+++ Available data
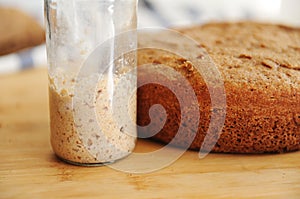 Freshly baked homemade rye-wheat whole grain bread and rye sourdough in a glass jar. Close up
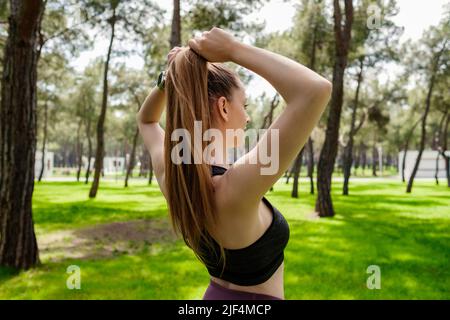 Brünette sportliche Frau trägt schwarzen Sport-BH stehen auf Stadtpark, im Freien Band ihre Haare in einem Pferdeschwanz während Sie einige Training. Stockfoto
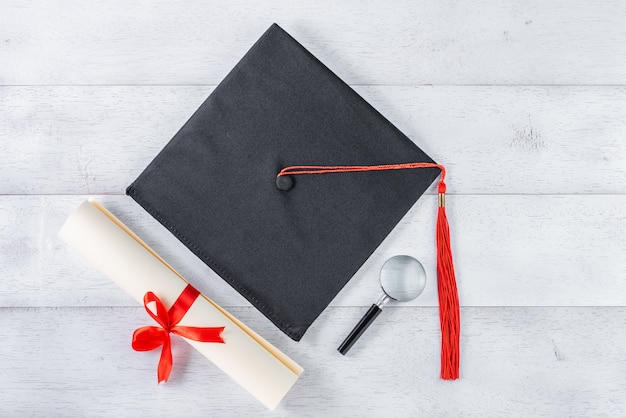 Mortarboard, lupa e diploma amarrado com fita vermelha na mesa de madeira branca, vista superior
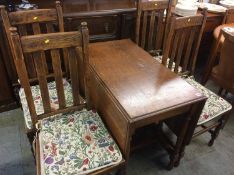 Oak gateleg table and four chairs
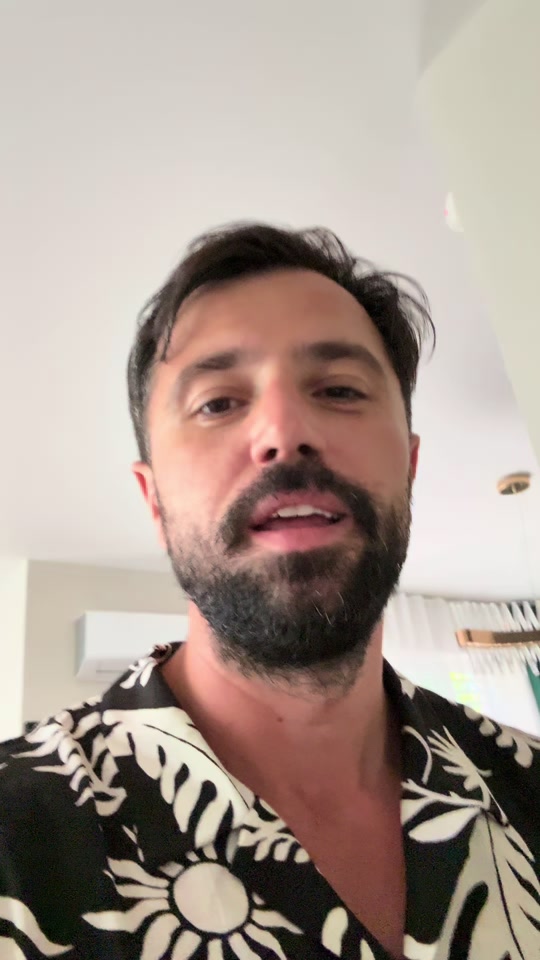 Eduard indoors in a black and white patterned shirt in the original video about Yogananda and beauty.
++++++
What you return must be the entries above, exactly as they appear, without any pictures.

 Freshly baked homemade rye-wheat whole grain bread and rye sourdough in a glass jar. Close up
 Brünette sportliche Frau trägt schwarzen Sport-BH stehen auf Stadtpark, im Freien Band ihre Haare in einem Pferdeschwanz während Sie einige Training. Stockfoto
 Mortarboard, lupa e diploma amarrado com fita vermelha na mesa de madeira branca, vista superior
 Oak gateleg table and four chairs
 Eduard indoors in a black and white patterned shirt in the original video about Yogananda and beauty.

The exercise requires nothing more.